Plegaria
Uno pide el hacha. Para que divida el estómago del arte amniótico,
del arte bueno para nada. Uno rechaza la poesía que es pus tan suave. Uno
quiere una palabra que exprese con furia lo inexpresable. Pero que a la vez
capture cada filamento, cada propiedad sutil del mundo nacido, cada movimiento
en el colisionador de hadrones. Una palabra sensible, armoniosa, no cirrótica.
Uno pide que los mercados no sean ya hexágonos de carnes muertas,
ejércitos para las brumas del hambre y el deseo. Uno reclama que las empresas cesen
de producir cosas que son heces. Uno exige que los sistemas financieros dejen
de ser administrados por la glacial geometría. Uno atrapa tantos pájaros de
petróleo, con esta plegaria convertida en gracia, en huracán común.

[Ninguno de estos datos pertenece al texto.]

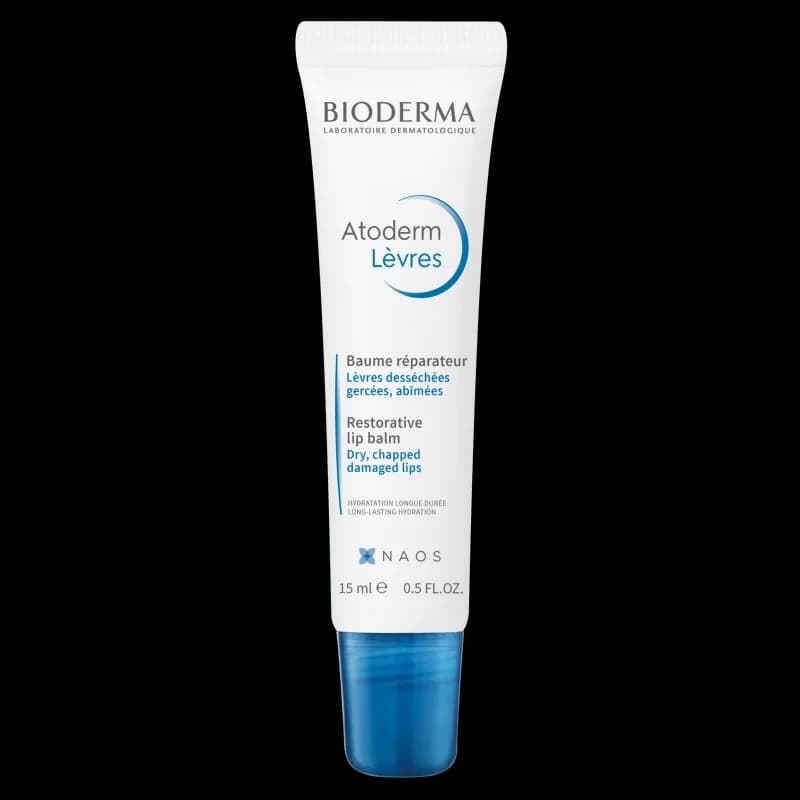 BIODERMA ATODERM BAUME LEVRES 15ml Nourrit Et Apaise Les Lèvres Gercées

Uno quiere que todos aprendan y desaprendan. Que gravite una
entidad transparente sobre cada verdura. Besarle el ombligo a una secoya, dar
la propia saliva a tanta piedra. Uno emite oraciones para que vos y yo y ellas nunca
seamos gobernados por mamíferos densos, regresivos. Uno solicita la
transfiguración de todas las metástasis. Uno ora, invoca con el objetivo de que hayan colmenas funcionales, para que los
caminos justos se fractalicen, y para que los periódicos no tosan más esa
sangre podrida, y para que alguien cambie por fin su punto de vista.
Uno desea tener hijos sabios, hijos profesores, hijos iluminados
que nos enseñen que nuestro propósito último en el mundo no es tener hijos. Uno
ruega para que podamos ver el gran zero radiante y sus incontables brazos–manos
de flameante compasión, llevando maíz indestructible para todos, para todos.